This may be a brief post, as I was late back from the garden club meeting. The talk was about alpines, and the lecturer had a lot to say about them growing in the wild and in gardens. It was interesting, but lasted an hour and twenty minutes, which is at least twenty minutes longer than most people can concentrate.
Once he got on to the cultivation of alpines I realised how much I already knew, in theory, although in practice I am not awfully good at it. I could blame the fact that the top of the garden where I try to grow them is almost pancake flat while he said they were much better on a slope, but I think the real issue is that the sand does not make a very good approximation of an alpine scree. In spring when in nature they would be irrigated by the snow melt, most years in the Clacton coastal strip the soil is already getting dry. And there is no protective blanket of winter snow to insulate them from frost.
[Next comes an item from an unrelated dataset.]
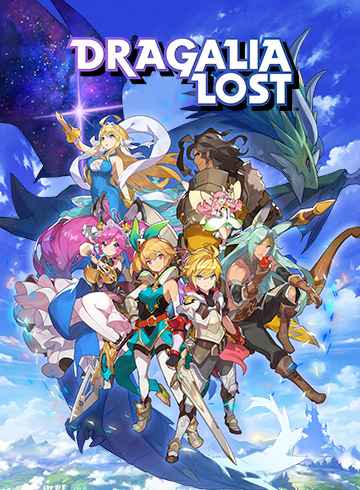 Dragalia Lost, le nouveau jeu mobile de Nintendo, arrive demain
There are lots of other ways of growing alpines besides in the ground. I do have a few containers, though I use terracotta pots rather than making my own imitation stone troughs out of sand, cement and peat modelled around a cardboard box. I have already empirically discovered the importance of good winter drainage and not planting anything that runs underground. But most of the other methods are beyond me. I am not going to buy tonnes of rock to build a rock garden, nor broken paving slabs to build a crevice garden, nor am I going to start constructing dry stone walls or use them to create raised beds. I couldn't afford the materials, Essex is not natural stone country and it would look silly and out of kilter with the rest of the garden, and it is not going to happen.
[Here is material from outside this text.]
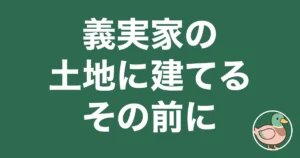 義理の親の土地に家を建てるな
And I wouldn't know where to source peat blocks. The sad thing is that according to the lecturer, peat blocks are cut from the top one or two feet of peat covering bogs which are going to be mined to fuel power stations. The surface layer of peat is not dense enough to use as fuel, but if it isn't sold to gardeners that doesn't save the peat bog, the top will simply be burnt off. The blocks will last for decades in the garden without breaking down, as long as they are shaded and never walked on. But garden use of peat is a sensitive subject, and I have never seen peat blocks offered for sale. Nor tufa, except by one firm online I'd never heard of, and something about their website made me reluctant to risk paying them money, let alone the large amount they were asking for very small pieces of rock.
Still, I liked the sound of Ashwood's Carousel series of Lewisia. Apparently they will produce repeat flushes of flowers instead of only one, and they can cope with moisture in their crowns without rotting, which is the problem with most Lewisia. I have been trying to get over that problem by growing them in terracotta herb towers, though I do bring them under cover for the winter and water them sparingly, and can report that 'Little Peach' and 'Little Plum' both made it through with no losses. Actually, L. cotyledon 'Snowstorm' which I grew from seed has survived for over six years in an ordinary clay pot with a top dressing of grit. The plants were beginning to look stunted and unhappy about a year ago so I broke down the group of four, potted them individually with plenty of grit, and grew them on in the greenhouse until they recovered. I have just regrouped three of them into a bigger clay pot, and two are flowering. So maybe Lewisia are not so rot prone as all that if you live in a dry part of the country, and keep them under cover for the winter while being very stingy with the watering can. Repeat flowering would be nice, though.